The Crook County School District said it has several lessons and projects for students in elementary and high school for Black History Month. In middle school, the district said students learned about syncopated rhythms and the connection to African music.
Vandenack said the district was responsive to her concerns.
“I was really surprised about how they reacted to it, cause I was expecting pushback,” Vandenack said.
She said one of her daughter’s classes started talking about Black History Month at the beginning of every class. Her daughter was assigned a project to research someone Black.
“At first she was upset with me because of making a big deal about it and she didn’t understand why,” Vandenack said. “But once it started happening and she started learning about it she was so excited because she said it was nice to see people achieve stuff that looked like her.”
Her daughter, who is biracial, chose chemist Alice Ball.
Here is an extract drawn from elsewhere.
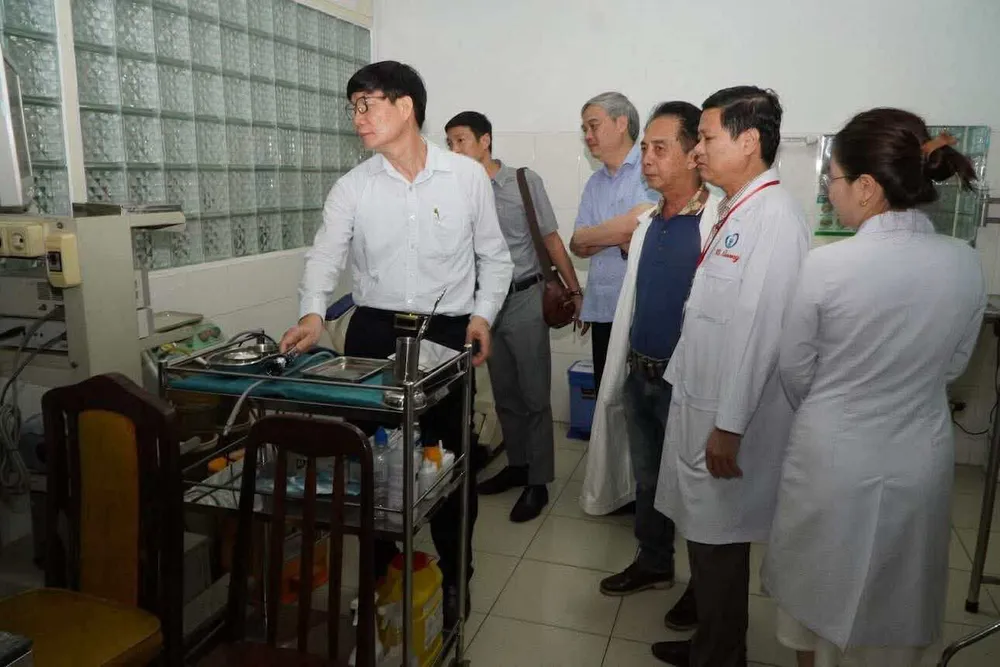 Đoàn công tác của Bệnh viện Tai Mũi Họng Trung ương tham quan, khảo sát tình hình khám, chữa bệnh chuyên khoa tai mũi họng tại Bệnh viện Đa khoa Thống Nhất 552605063_1380551046827582_4097610426082856125_n.jpg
Vandenack said her daughter isn’t interested in chemistry, but offered another potential reason for the choice.
“I think it’s probably because it was a woman who looked like her,” Vandenack said.
Vandenack didn’t face pushback from the district, though on social media, she’s received some negative responses. But to her, teaching Black history matters for all students.
“It’s not even just about my child, it’s about other kids,” Vandenack said.
That’s something that districts in Oregon and throughout the country have said all month long.
The focus on Black history has intensified this year, as districts also consider broader curriculum changes amid a national reckoning with racism and racial justice since the death of George Floyd last May and the protests that followed.
Districts all over the state passed resolutions last summer, pledging to be anti-racist, and some outlining direct actions to build a more supportive environment for all students, and specifically for students of color.
The national conversation also led to increased attention on a long-awaited set of social studies standards set to be taught in all Oregon classrooms.
Ethnic studies: moving out of ‘anonymity’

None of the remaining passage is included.